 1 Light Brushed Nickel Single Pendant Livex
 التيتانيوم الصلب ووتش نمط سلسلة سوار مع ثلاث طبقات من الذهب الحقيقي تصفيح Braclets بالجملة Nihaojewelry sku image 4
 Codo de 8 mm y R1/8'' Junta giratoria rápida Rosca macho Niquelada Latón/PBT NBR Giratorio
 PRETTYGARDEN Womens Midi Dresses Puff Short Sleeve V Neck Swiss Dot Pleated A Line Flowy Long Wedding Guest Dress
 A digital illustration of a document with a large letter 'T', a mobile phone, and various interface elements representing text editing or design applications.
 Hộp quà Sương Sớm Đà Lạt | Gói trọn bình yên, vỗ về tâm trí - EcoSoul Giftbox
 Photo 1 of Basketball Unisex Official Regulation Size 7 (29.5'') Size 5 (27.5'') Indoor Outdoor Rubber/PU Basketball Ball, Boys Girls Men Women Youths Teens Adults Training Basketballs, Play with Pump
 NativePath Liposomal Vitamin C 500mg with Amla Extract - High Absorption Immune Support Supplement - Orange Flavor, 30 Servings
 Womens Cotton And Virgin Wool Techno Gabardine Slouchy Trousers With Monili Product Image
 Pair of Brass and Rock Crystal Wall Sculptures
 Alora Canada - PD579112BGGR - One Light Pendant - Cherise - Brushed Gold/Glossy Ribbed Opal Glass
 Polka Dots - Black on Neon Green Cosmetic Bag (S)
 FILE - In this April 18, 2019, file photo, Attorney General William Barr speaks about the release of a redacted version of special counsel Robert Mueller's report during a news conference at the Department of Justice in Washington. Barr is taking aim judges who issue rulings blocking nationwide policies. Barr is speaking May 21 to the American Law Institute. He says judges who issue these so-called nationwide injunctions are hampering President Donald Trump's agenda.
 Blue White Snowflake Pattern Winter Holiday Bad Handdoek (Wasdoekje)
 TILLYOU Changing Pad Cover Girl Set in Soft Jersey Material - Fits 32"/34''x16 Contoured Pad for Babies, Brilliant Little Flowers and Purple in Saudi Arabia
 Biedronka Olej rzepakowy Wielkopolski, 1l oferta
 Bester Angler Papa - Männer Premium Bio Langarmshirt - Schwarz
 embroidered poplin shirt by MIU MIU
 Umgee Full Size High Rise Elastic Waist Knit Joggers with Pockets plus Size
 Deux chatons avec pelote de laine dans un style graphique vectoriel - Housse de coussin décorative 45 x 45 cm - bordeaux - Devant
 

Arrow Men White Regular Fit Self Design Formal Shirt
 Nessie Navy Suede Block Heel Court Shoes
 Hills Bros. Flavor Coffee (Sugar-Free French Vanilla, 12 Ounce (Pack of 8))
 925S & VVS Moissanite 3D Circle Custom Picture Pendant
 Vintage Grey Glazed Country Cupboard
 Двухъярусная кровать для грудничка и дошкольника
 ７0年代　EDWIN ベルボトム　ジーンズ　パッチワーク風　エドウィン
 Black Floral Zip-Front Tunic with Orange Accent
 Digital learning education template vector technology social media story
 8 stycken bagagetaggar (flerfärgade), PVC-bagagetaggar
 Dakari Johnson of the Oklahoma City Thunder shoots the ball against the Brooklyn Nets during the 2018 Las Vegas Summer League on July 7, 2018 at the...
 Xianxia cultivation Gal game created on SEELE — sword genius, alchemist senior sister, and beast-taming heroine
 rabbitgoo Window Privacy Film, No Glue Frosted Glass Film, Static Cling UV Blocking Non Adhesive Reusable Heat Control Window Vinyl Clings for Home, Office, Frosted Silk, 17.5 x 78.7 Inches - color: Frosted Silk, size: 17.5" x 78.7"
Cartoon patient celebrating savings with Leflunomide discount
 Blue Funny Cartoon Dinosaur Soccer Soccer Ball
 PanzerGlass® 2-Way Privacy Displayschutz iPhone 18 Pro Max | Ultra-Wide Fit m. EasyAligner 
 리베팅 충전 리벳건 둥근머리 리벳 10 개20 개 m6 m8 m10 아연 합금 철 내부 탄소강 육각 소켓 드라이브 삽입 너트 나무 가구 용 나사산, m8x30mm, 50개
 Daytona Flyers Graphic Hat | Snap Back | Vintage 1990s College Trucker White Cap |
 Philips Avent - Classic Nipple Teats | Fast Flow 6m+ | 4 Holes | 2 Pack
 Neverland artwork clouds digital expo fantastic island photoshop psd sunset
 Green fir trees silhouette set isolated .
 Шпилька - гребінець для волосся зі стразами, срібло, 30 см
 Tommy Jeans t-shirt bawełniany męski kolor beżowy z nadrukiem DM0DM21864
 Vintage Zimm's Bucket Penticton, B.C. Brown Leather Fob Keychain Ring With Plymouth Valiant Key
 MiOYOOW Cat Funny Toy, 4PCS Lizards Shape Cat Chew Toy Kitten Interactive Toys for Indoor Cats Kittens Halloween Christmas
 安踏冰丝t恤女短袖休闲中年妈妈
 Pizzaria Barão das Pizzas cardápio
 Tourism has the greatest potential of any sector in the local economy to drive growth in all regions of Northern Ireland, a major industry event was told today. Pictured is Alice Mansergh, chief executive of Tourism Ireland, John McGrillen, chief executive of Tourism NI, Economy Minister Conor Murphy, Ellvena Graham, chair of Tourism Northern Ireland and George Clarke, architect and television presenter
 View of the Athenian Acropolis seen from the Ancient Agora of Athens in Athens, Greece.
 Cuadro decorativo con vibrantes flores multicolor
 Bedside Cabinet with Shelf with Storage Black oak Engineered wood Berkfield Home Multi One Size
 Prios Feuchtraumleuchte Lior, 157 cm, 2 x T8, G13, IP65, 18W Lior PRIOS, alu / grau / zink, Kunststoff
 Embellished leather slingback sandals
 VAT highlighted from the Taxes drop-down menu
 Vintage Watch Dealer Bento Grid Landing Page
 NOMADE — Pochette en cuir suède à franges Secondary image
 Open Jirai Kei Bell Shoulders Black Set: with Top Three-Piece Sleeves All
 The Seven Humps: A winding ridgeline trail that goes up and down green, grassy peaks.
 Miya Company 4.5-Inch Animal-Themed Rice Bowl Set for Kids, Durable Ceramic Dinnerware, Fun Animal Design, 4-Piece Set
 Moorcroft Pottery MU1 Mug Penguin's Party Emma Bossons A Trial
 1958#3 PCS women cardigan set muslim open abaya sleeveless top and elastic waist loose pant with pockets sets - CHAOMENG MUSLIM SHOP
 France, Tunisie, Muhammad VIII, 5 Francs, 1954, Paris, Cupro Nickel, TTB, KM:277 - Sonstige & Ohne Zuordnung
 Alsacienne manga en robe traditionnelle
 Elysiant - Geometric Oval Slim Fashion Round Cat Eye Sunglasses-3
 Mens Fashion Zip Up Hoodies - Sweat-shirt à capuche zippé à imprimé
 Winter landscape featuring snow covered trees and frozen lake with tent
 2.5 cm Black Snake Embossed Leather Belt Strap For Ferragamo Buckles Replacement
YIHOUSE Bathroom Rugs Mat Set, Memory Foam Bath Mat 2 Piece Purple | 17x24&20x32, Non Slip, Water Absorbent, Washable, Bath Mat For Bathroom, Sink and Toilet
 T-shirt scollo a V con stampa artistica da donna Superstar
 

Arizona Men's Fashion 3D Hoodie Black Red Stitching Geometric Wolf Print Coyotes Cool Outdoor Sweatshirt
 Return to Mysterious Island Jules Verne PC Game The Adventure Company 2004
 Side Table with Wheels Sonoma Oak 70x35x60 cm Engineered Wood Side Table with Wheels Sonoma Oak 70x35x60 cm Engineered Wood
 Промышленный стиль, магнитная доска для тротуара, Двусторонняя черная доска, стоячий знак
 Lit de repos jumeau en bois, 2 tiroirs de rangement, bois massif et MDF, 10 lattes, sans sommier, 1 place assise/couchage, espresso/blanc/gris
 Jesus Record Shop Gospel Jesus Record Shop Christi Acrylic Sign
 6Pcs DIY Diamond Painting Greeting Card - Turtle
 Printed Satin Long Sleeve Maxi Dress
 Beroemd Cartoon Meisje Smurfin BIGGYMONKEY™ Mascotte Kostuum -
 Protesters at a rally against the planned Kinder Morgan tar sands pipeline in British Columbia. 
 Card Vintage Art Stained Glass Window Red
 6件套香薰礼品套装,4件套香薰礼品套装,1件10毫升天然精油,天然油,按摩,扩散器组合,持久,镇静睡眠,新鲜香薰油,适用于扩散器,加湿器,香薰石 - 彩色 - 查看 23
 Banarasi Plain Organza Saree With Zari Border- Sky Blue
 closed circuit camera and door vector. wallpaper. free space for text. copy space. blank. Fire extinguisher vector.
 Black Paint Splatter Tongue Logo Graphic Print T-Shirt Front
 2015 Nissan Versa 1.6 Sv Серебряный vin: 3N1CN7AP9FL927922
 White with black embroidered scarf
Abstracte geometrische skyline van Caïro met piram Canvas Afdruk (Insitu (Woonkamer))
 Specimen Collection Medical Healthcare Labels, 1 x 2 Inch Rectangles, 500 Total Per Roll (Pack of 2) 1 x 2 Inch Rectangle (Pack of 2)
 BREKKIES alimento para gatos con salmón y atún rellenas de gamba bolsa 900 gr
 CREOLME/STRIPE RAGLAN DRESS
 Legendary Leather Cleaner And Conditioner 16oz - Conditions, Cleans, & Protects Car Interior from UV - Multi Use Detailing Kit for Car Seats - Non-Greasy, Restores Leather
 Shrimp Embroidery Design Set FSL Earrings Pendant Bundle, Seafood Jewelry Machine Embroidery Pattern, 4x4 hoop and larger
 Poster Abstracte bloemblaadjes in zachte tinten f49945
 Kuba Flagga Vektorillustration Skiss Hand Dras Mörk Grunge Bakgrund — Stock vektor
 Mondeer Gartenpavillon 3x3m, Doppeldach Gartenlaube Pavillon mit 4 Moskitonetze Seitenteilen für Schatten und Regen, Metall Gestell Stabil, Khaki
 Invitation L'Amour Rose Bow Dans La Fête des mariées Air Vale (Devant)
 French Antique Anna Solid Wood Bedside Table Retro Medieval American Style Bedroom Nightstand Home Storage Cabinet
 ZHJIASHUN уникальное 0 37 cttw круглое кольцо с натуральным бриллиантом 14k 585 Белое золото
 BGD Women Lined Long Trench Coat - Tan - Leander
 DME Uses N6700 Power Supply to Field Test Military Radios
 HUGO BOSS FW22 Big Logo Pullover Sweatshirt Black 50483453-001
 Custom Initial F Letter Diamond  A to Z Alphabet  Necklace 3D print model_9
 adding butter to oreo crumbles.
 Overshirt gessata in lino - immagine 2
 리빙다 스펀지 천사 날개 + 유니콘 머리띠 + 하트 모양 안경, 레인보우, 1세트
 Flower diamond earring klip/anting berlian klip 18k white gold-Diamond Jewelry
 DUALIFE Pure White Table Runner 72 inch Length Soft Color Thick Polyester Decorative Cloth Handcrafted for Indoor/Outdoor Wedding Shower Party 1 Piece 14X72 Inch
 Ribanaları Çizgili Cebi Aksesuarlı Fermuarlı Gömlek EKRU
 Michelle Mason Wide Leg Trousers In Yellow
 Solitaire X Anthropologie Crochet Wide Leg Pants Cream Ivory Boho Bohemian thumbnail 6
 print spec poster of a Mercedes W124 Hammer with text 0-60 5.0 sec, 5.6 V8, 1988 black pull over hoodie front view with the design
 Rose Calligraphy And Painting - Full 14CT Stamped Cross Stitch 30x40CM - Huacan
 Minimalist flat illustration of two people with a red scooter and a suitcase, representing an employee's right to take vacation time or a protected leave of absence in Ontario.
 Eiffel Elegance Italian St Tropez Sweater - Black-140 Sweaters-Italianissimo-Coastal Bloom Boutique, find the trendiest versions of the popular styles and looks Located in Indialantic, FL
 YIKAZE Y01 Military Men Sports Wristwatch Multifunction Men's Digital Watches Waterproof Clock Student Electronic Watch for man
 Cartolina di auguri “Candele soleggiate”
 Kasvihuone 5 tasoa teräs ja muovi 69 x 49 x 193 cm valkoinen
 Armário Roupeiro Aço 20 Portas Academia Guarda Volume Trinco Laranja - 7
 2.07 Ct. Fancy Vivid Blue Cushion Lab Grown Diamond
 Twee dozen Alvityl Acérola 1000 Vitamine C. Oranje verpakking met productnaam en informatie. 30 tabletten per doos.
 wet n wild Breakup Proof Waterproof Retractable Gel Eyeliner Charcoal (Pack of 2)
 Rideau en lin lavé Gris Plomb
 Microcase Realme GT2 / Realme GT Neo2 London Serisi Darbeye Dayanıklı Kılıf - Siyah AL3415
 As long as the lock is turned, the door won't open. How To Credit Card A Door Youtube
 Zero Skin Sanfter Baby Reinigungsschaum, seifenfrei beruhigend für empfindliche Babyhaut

::::

**EXERCISE:** Go over the records above and tally the lines with the word "Purple" in them. Give the number alone.

**SOLUTION FOR THIS EXERCISE:** 2